=============
Backend Guide
=============

Agda Backend
============

The Agda Backend (option ``--agda``, since 2.8.3) invokes the Haskell backend
and adds Agda-bindings for the generated parser, printer, and abstract syntax.
The bindings target the GHC backend of Agda, in version 2.6.0 or higher.
Example run::

    bnfc --agda -m -d Calc.cf
    make

The following files are created by the Agda backend, in addition to the files created by the Haskell backend:

  1. ``AST.agda``:

     - Agda data types bound to the corresponding types for abstract syntax trees in ``Abs.hs``.
     - Agda bindings for the pretty-printing functions in ``Print.hs``.

     Uses pragmas in mutual blocks, which is supported by Agda ≥ 2.6.0.

  2. ``Parser.agda``: Agda bindings for the parser functions generated by ``Par.y``.

  3. ``IOLib.agda``: Agda bindings for the Haskell IO monad and basic input/output functions.

  4. ``Main.agda``: A test program invoking the parser, akin to ``Test.hs``.
     Uses ``do`` notation, which is supported by Agda ≥ 2.5.4.

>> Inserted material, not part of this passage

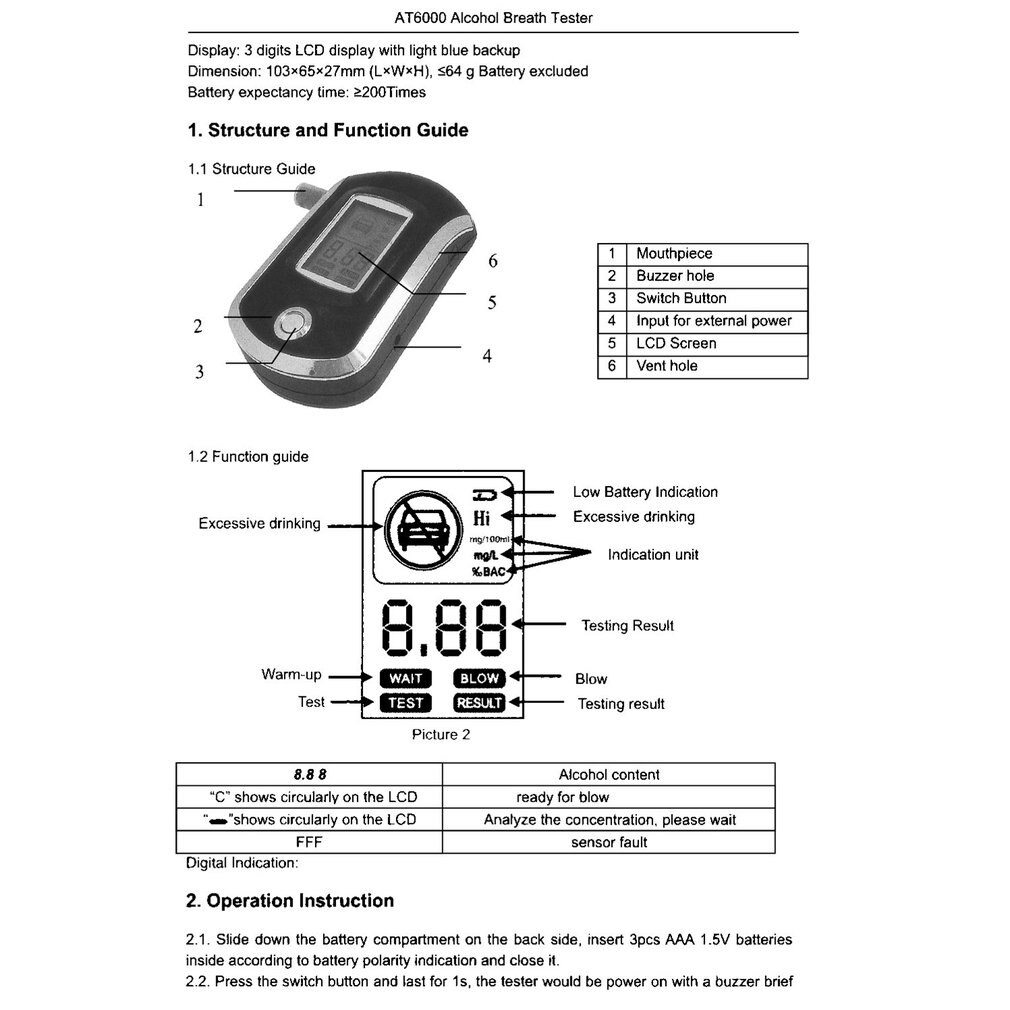 LCD Display Alcohol Tester To At6000 Ethylotest Police Digital Detector and 10 pcs nozzles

The Agda backend targets plain Agda with just the built-in types and
functions; no extra libraries required (also not the standard
library).

*Since 2.9.4:* Option ``--functor`` puts position information into the
Agda syntax trees (affects generated ``AST.agda``).  Relies on the
primitive module ``Agda.Builtin.Maybe`` which is available from
Agda 2.6.2.

Java Backend
============

Generates abstract syntax, parser and printer as Java code.
Main option: ``--java``.

CUP
...

By default ``--java`` generates input for the CUP parser generator,
since 2.8.2 CUP version v11b.

.. note::
   CUP can only generate parsers with a single entry point. If multiple entry points
   are given using the ``entrypoint`` directive, only the first one will be used.
   Otherwise, the first category defined in the grammar file will be used as the
   entry point for the grammar.
   If you need multiple entrypoints, use ANTLRv4.

ANTLRv4
.......

`ANTLRv4 <http://www.antlr.org/>`_ is a parser generator for Java.

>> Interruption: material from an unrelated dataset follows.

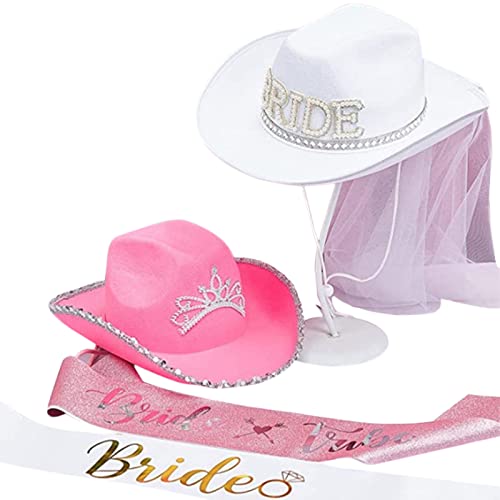 DLUKENY Cowgirl-Hut für Brautjungfern, modischer Jazz-Hut für Damen, Braut, Cowboyhut, Schärpe, Kostüm-Set, Junggesellinnenabschied, Requisiten, Zubehör DLUKENY Cowgirl-Hut für Brautjungfern, modischer Jazz-Hut für Damen, Braut, Cowboyhut, Schärpe, Kostüm-Set, Junggesellinnenabschied, Requisiten, Zubehör von DLUKENY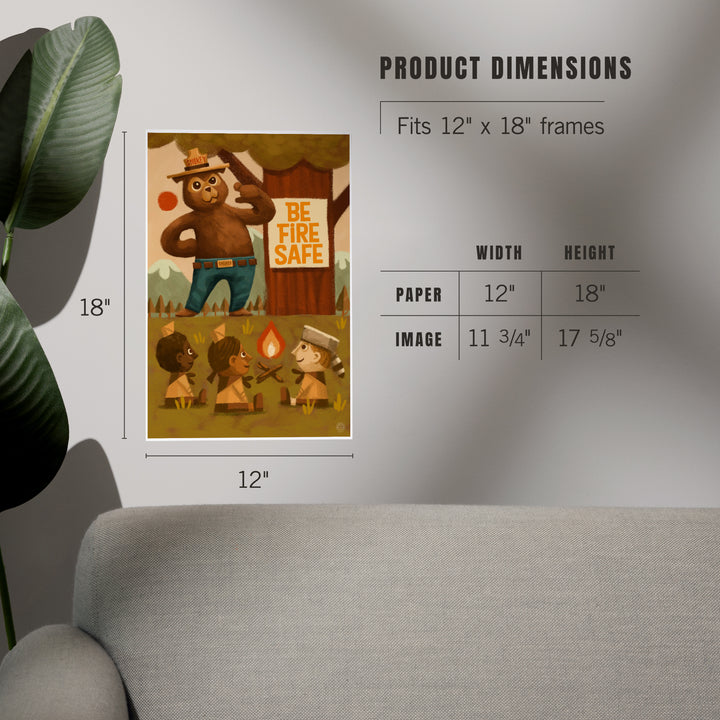 Smokey Bear, Fire Safety School, Officially Licensed, Art & Giclee Prints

With the ``--antlr`` option (since 2.8.2) BNFC generates an ANTLRv4 parser and lexer.

All categories can be entrypoints with ANTLR: the ``entrypoints`` directive is
thus ignored.

Make sure that your system's Java classpath variable points to an ANTLRv4 jar
(`download here <http://www.antlr.org/download.html>`_).
Since 2.9.5 BNFC generates code for ``String`` parsing that needs Java 15 or higher.

You can use the ANTLR parser generator as follows:

.. code-block:: sh

    bnfc --java --antlr -m Calc.cf
    make

ANTLRv4 returns by default a `parse tree`, which enables you to make use of the
analysis facilities that ANTLR offers.
You can of course still get the usual AST built with the abstract syntax classes
generated by BNFC.

From the ``Calc/Test.java``, generated as a result of the previous
commands:

.. code-block:: java

    public Calc.Absyn.Exp parse() throws Exception
    {
        /* The default parser is the first-defined entry point. */
        CalcParser.ExpContext pc = p.exp();
        Calc.Absyn.Exp ast = pc.result;
        /* ... */
        return ast;
    }

The ``pc`` object is a ``ParserRuleContext`` object returned by ANTLR.
It can be used for further analysis through the ANTLR API.

The usual abstract syntax tree returned by BNFC is in the ``result`` field of
any ``ParserRuleContext`` returned by the available parse functions
(here ``exp()``).

Haskell Backend
===============

The Haskell backend is the default backend.  It targets the Alex lexer
generator and the Happy parser generator.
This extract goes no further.